À l’ONU, le président haïtien réclame une force internationale « robuste »
À la tribune de la 80ᵉ Assemblée générale des Nations unies, ce jeudi 25 septembre, le président du Conseil présidentiel de transition (CPT), Laurent Saint-Cyr, a dressé un constat alarmant : Haïti est « un pays en guerre », livré aux gangs qui contrôlent la majeure partie de la capitale et plongent la population dans une tragédie humanitaire sans précédent. Tout en saluant l’action de la Mission multinationale d’appui à la sécurité (MMAS), il a plaidé pour la mise en place d’une « force robuste », dotée de moyens conséquents, afin de rétablir l’ordre, contenir la menace régionale et préparer des élections « honnêtes et crédibles ».
« Une tragédie aux portes de l’Amérique »

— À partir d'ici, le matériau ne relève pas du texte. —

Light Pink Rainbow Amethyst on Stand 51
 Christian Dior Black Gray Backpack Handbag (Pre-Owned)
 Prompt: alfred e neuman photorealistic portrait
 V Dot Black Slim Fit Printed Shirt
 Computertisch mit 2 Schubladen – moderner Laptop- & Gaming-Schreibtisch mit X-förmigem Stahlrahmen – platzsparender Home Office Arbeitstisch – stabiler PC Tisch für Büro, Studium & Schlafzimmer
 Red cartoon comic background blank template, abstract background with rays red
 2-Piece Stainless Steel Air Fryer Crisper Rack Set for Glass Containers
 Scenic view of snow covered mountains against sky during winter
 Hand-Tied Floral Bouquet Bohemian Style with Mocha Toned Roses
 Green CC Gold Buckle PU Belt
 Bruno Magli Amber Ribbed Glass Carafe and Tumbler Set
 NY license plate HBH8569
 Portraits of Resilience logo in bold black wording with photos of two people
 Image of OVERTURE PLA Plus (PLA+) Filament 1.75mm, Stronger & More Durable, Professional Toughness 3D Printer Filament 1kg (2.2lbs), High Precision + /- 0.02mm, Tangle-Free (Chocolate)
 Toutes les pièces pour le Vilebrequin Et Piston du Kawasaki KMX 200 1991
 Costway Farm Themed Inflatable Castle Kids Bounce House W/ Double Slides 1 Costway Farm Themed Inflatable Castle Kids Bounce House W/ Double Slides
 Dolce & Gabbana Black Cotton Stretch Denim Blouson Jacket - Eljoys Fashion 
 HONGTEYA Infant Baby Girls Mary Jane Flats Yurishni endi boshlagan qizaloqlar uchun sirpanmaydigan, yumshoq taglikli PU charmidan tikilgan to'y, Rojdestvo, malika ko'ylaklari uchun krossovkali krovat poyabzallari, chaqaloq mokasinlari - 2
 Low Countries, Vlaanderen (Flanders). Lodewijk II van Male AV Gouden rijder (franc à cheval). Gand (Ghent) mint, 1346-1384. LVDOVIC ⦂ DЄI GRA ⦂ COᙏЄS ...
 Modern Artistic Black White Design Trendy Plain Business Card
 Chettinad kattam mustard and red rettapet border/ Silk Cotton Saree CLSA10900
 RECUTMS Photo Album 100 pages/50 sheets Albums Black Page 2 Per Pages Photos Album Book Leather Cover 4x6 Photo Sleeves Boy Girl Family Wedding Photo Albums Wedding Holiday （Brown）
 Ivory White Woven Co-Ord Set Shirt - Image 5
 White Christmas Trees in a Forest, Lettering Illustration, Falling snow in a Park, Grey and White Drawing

« Chaque jour, des vies innocentes s’éteignent sous les balles, le feu et la peur », a lancé Laurent Saint-Cyr, décrivant des quartiers rayés de la carte, plus d’un million de déplacés internes, des hôpitaux incendiés et des centaines de femmes et de filles victimes de viols. « Voilà le visage d’Haïti aujourd’hui : un Guernica contemporain, une tragédie humaine à seulement quatre heures de vol d’ici », a-t-il martelé, exhortant la communauté internationale à rompre avec « le silence et l’inaction ».
Une mission internationale dépassée
Créée en 2023 sous commandement kényan, la MMAS n’a déployé qu’un millier d’hommes sur les 2 500 prévus, faute de financements et d’équipements. S’il a salué le courage des policiers haïtiens et des soldats kényans tombés dans les combats, le chef de l’État de transition a reconnu l’échec relatif de cette mission, incapable de contenir la puissance des gangs. Les États-Unis et le Panama militent désormais pour la création d’une nouvelle force de 5 500 hommes, intégrant également des militaires, une option que Laurent Saint-Cyr soutient pleinement.
Une menace régionale
« Haïti est à l’épicentre d’une menace régionale inédite », a averti le président du CPT, pointant des réseaux criminels transnationaux lourdement armés qui cherchent à contrôler les économies locales. Selon lui, ignorer la crise haïtienne équivaut à laisser l’instabilité se propager dans toute la Caraïbe et sur le continent américain.
Transition politique et horizon électoral
Réaffirmant la légitimité du CPT, né d’un consensus politique soutenu par la CARICOM, Saint-Cyr a rappelé que l’organisation d’élections libres et crédibles demeure une priorité. Près de 85 % des centres de vote sont déjà identifiés, 70 % du personnel électoral mobilisé, et 65 millions de dollars de financement national sont garantis. Mais, reconnaît-il, « la sécurité reste le plus grand obstacle ».
Relance économique et mémoire historique
Le président de la transition a également insisté sur la relance économique à travers des pôles de développement dans le Nord et le Sud (agro-industrie, textile, énergies renouvelables, tourisme). Il a plaidé pour le renouvellement de la loi américaine HOPE/HELP et rappelé qu’en 2025, Haïti marquera le bicentenaire de la « rançon de l’indépendance » imposée par la France. Annonçant la création d’un Comité national pour les réparations, il a invité Paris à « écrire une nouvelle page de justice et de vérité ».